The accusations of others reinforce our propensity to hide sin.  We usually do all we can to justify ourselves, and that reaction is understandable.  We fear the consequences of sin.  We may lose a good reputation or be punished.  We cannot bear to face ourselves as wrongdoers.  We fear that the integrity of our very selves might crumble under the weight of our offense.  That’s why we are often able to repent only when we are assured that our guilt will be lifted and charges will not be pressed against us.  In other words, we are able to genuinely repent only when forgiveness has first been extended to us. . . .

Forgiveness does not cause repentance, but it does help make repentance possible.

— Miroslav Volf, Free of Charge, p. 183-186

Positive Intention

The good news is that as we connect to our positive intention, we begin to find forgiveness.  Forgiveness is the compassion we experience as we remind ourselves that by driving a car — having a relationship — we run the risk of a breakdown.  Forgiveness is the power we get as we assert that we have a deep well of resilience to draw upon.  Forgiveness is the grace that helps us remember to look around while we’re on the side of the road and appreciate our beautiful surroundings and the people we love.  To help forgiveness emerge, we can learn to see ourselves from the point of view of our positive intention, not primarily as a wounded or rejected lover.

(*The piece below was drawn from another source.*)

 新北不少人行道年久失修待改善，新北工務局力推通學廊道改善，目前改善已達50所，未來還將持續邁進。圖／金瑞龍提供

— Dr. Fred Luskin, Forgive for Love, p. 190

Returning Home

Although claiming my true identity as a child of God, I still live as though the God to whom I am returning demands an explanation.  I still think about his love as conditional and about home as a place I am not yet fully sure of.  While walking home, I keep entertaining doubts about whether I will be truly welcome when I get there.  As I look at my spiritual journey, my long and fatiguing trip home, I see how full it is of guilt about the past and worries about the future.  I realize my failures and know that I have lost the dignity of my sonship, but I am not yet able to fully believe that where my failings are great, “grace is always greater.”  Still clinging to my sense of worthlessness, I project for myself a place far below that which belongs to the son.  Belief in total, absolute forgiveness does not come readily. . . .

One of the greatest challenges of the spiritual life is to receive God’s forgiveness.  There is something in us humans that keeps us clinging to our sins and prevents us from letting God erase our past and offer us a completely new beginning.  Sometimes it even seems as though I want to prove to God that my darkness is too great to overcome.  While God wants to restore me to the full dignity of sonship, I keep insisting that I will settle for being a hired servant.  But do I truly want to be restored to the full responsibility of the son?  Do I truly want to be so totally forgiven that a completely new way of living becomes possible?  Do I trust myself and such a radical reclamation?  Do I want to break away from my deep-rooted rebellion against God and surrender myself so absolutely to God’s love that a new person can emerge?  Receiving forgiveness requires a total willingness to let God be God and do all the healing, restoring, and renewing.  As long as I want to do even part of that myself, I end up with partial solutions, such as becoming a hired servant.  As a hired servant, I can still keep my distance, still revolt, reject, strike, run away, or complain about my pay.  As the beloved son, I have to claim my full dignity and begin preparing myself to become the father.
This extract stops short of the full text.